In keeping with this method, the cover of the second of the series offers us three bullet points of information. Point one says: “No more having to read long-winded accounts that make the subject complex and dull! This unique book gives you a quick and thorough overview of each topic by distilling details into three crisp bite-sized capsules. Every paragraph has a key sentence highlighted for recall.” In case you missed the point, the last two sentences are highlighted.

Like the first edition, this one covers a medley of topics. The first is Empires — South Asian, South-East Asian, Persian, Mongol, African and South American. Then it covers Families and Dynasties, mostly European, goes on to Artists and Architects, Poets, Musicians and Authors and then Scientists and Inventions. That’s a vastly impressive range for any historian of any vintage.

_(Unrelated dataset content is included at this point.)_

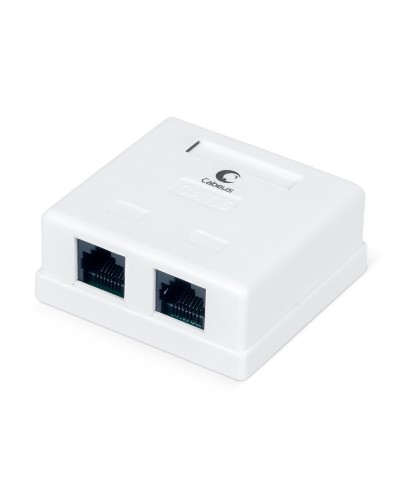 WS-8P8C-Cat.6-2 (7482c): Розетка RJ-45 в Рубцовске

The presentation of the topics are unexceptionable enough if you overlook the odd syntax that Zac’s generation tends to employ. Examples:  “The Mauryan kingdom declined after Ashoka due to  multiple reasons…” and “Though the Pandyas sought the help of the Vijayanagar Empire this led their empire to be taken over …”.

Zac deserves kudos for focusing on the empires of south India in the South Asian section, an inexplicably under-studied subject in standard school histories. Ditto for calling attention to some of the pre-colonial African and South American empires that contradict the racist tropes embedded in Western-oriented history syllabuses.

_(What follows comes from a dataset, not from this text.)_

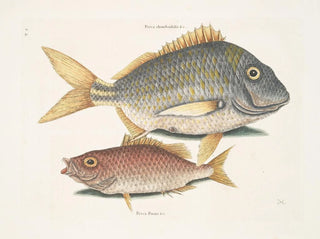 Der Fisch Porc Perca rhomboidalis und der Schulleiter Perca pinnis - Mark Catesby — Ansicht des Kunstwerks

You can see why this book will be popular among school kids, quizzers and executives with little time to read. But as a “historian” Zac may need to think a little harder about this “fast-facts” way of presenting history — especially when these facts can be accessed just as easily from online encyclopaedias.

The premise of this series — that knowledge of key facts, not the details, makes history interesting — is misleading. History, as we are witnessing in the current contestation over Indian textbooks, is not just an agglomeration of past events. It is, as E H Carr famously described it, a dialogue between past and present.

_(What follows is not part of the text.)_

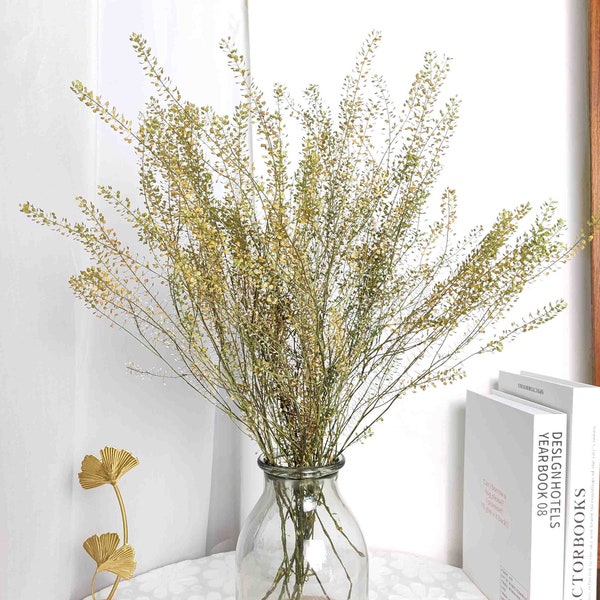 dried mini Lepidium bunch，natural Thlaspi  bouquet，dried flowers arrangement，dry grass for vase filling，home  decor，wedding flower decor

The section on the Mauryas is just one example of why context is important —and can make historical detailing interesting and relevant. Zac dismisses Ashoka in one longish bullet point, describing him as Ashoka the Great and sketching out the broad contours of his life — the Kalinga war that caused him to eschew a life of violence and embrace Buddhism. But there is no explanation of why Ashoka is called “Great”, no mention of his edicts, his unique thinking nor why the government of independent India chose the Ashoka Sthambh as its official logo. There is one strange highlight citing a theory of whether Ashoka’s adoption of non-violence could have had an adverse impact on military morale. Another line of explanation could have cleared that up and added context: The lack of expansionism deprived the military of the spoils of war.

The three points on the Ottoman Empire make no mention of its most illustrious ruler, Suleiman the Magnificent, whose empires stretched to the borders of Central Europe, and whose monumental mosques and buildings under his architect Sinan can be seen all over Istanbul to this day. The end of the Ottoman Empire and the rise of modern Turkey were seminal developments in world history after World War I, the reverberations of which are being felt right up to present times. The revolt of the Young Turks has bequeathed to modern politics a term that is very much in vogue in modern politics. These interesting and important details cannot be distilled into three bullet points and, no surprise, are glossed over.

This is not to denigrate Zac’s efforts from a half-century vantage point. On the contrary, his prodigious fact-collecting has highlighted a huge information gap and should signal to a publisher an opportunity to produce accessible and multilingual (and more detailed) histories for children, offering relief from the mostly poor quality textbooks that we inflict on them today.